The results of operations for the three months ended March 31, 2000 are not
necessarily indicative of the results of operations for the full year
ending December 31, 2000.
NOTE 2 - BASIS OF PRESENTATION
The accompanying financial statements have been prepared assuming the
Company will continue as a going concern. However, the Company has had
recurring losses and cash flow deficiencies since inception. As at March
31, 2000, the Company has an accumulated deficit of $16,382,114, current
liabilities of $2,720,652, and a working capital deficiency of $2,720,652.

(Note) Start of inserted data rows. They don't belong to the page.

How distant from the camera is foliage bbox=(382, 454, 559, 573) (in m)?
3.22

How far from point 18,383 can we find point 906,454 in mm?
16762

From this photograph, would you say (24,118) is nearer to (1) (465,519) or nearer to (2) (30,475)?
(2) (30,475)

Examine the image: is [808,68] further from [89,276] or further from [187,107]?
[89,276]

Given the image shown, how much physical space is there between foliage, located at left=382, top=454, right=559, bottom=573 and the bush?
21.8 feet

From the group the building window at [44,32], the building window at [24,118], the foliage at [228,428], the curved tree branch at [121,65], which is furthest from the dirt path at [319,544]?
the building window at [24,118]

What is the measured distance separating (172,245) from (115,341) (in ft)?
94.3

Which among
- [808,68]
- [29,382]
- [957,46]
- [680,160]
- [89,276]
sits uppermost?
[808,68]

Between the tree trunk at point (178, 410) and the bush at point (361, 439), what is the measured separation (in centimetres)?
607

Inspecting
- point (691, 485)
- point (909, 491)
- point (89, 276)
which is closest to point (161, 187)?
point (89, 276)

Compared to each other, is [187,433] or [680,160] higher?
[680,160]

Also, the Company was in default on the payment of the principal balance
and accrued interest on certain notes and debentures and certain accounts
payable are past due. In addition to the payment of its current
liabilities, management estimates that the Company will incur general,
administrative, and other costs and expenditures, exclusive of any costs
and expenditures related to any mining and milling operations, at the rate
of approximately $20,000 per month plus interest during 2000. Such matters
raise substantial doubt about the Company's ability to continue as a going
concern. The financial statements do not include any adjustments that may
result from the outcome of the above uncertainty.

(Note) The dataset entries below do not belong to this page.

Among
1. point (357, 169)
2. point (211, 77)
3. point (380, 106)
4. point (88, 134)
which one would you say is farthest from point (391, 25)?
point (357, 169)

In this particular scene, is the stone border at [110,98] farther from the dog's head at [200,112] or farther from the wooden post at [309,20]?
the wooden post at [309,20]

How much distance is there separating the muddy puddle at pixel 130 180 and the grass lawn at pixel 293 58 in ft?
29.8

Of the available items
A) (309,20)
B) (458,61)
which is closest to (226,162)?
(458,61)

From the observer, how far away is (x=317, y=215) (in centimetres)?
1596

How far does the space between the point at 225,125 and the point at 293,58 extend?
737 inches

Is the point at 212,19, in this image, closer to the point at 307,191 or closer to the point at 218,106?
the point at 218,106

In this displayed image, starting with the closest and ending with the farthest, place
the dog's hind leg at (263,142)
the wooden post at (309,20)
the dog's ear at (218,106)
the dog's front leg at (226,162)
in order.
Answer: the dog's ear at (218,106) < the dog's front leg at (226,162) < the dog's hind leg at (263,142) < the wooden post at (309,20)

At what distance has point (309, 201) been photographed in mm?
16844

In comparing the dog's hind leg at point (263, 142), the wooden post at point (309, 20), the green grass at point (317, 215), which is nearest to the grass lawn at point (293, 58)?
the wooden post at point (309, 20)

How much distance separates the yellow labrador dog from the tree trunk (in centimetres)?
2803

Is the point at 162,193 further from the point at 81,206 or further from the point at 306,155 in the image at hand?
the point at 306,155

U.S. Mining Co. and its affiliates have pledged to provide financing to the
Company on an as needed basis until on or about December 31, 2000. The
funds received from USM and its affiliates will cover the general,
administrative and other costs approximated at $20,000 per month plus
interest. Additional funds will be needed to ready the Franklin Mine and
Mill properties for the commencement of extraction and milling and to
support the extraction and milling processes once underway as well as to
upgrade the processing facilities to allow for an increase in ore
processing capacity.
There can be no assurance that the Company will have adequate funds
available to repay the funds advanced by USM and its affiliates. In the
event that the Company defaults on its obligations, USM may foreclose on
the assets secured by the USM note. Such foreclosure actions by USM would
have a material adverse effect on the future operations of the Company and
the Company's ability to explore the Franklin Mines.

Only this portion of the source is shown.